Only MPAC and their imams can determine who is and who is not a “Muslim” or “Islamic” based on their own oversimplified paradigm of “violent extremism” — a paradigm that flatly denies any need for reform. Their binary paradigm of violent vs. non-violent has no practical application in countering the slippery slope of political Islam and its continuum of radicalization.
So how much praise do these imams deserve for this video? Is this really ground-breaking? Was it worth the nine-year wait? Or has this actually just been done to placate the American public and allow these organizations to place a check mark on the task of fighting extremism, while putting a band-aid over the deeper wound of political Islam? Many Muslims and non-Muslims alike will be anesthetized by this video since it hits the one note of anti-violence. But once the anesthesia dissipates they will realize that violent Islamism is the end of a long continuum of political Islam that will never be diminished until the continuum is addressed as a whole.

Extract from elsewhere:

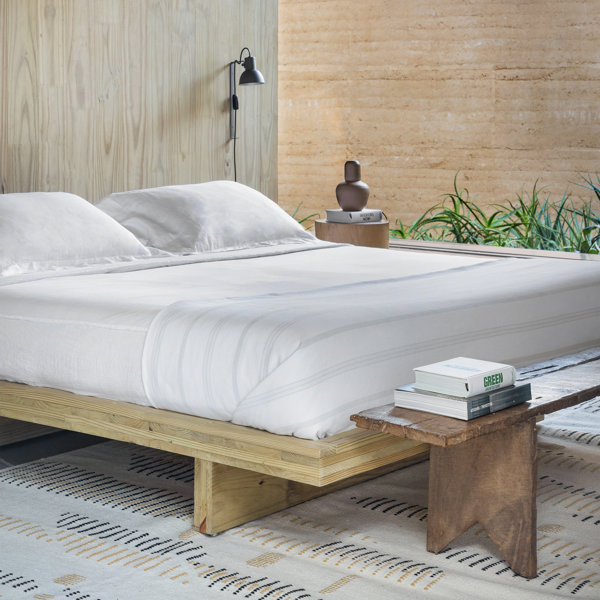 Dormitorio con pared de cabecro de madera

The importance of these questions cannot be overstated. This video (supposedly the first of many) makes dangerous assumptions and overgeneralizations about what a truly effective strategy should be against the ideology of Islamist terror. The problem of homegrown Islamist terror, as a recent RAND study points out, is only increasing and the worst we can do is invest our hopes in a treatment that not only misses the diagnosis but is part of the problem.
Laurie Goodstein does point out in her Times story, “a recent spate of arrests of Muslims accused of terrorism in the United States has revealed that many of them were radicalized by militant preaching they found on the Internet.” The media’s endorsement of the MPAC video implies that this intellectual jujitsu by MPAC and ISNA is just what the doctor ordered. No analysis provided.
Interestingly, this video does represent a relatively new public salvo in a long-realized internecine conflict between Islamist groups. The non-violent pseudo-modern branches of American and Western political Islam (MPAC, ISNA, et.al) are basically Islamism 4.0. They are simply trying to teach the violent branches of global political Islam (Al Qaeda, HAMAS, Hezbullah, the Taliban, et.al) (Islamism 3.0) a lesson about a better “jihad” and a better strategy for political Islam. These internecine Islamist feuds will do nothing to counter radicalization because they are built on the same core ideologies of political Islam that threaten us.
The Times and CNN were careless to ignore genuine Muslim reformers (anti-Islamists) not steeped in the ideologies of the Muslim Brotherhood like all nine of these so-called moderate imams are. Moderation is not about violence; it is about political Islam versus classical liberalism. The media and government approach to Muslim radicalization is too often skin-deep — violent Muslims bad; non-violent Muslims good.
They should not accept these shortcut videos at face value, but rather look toward a more thoughtful review of the tactics and long term goals of Islamist organizations like MPAC and ISNA with respect to Islamic supremacy, shariah, political Islam and reform.
MPAC is banking on the fact that no one is going to press them or their imams for specifics that would expose their adherence to political Islam. They know that the majority of Americans view Islamist terror as simply a problem of “violence” and not a deeper ideological continuum between political Islam and classical liberalism.
The entire cause of political Islam will ultimately need to be intellectually defeated. Political Islam is a theocratic system of shariah law that is anathema to Western secular liberal democracies and an impediment to the genuine practice of a spiritual Islam. The Muslim consciousness needs a separation of mosque and state, which these Islamist imams will deeply fight.
Don’t be deceived with this video. It appears to be against terrorism but is also still pro-Islamism. Internecine disputes between Islamists about the means they use will do nothing for American security.
Dr. M. Zuhdi Jasser is the founder and president of the American Islamic Forum for Democracy, which is based in Phoenix, Arizona. He is a physician in private practice and a former U.S. Navy Lieutenant Commander.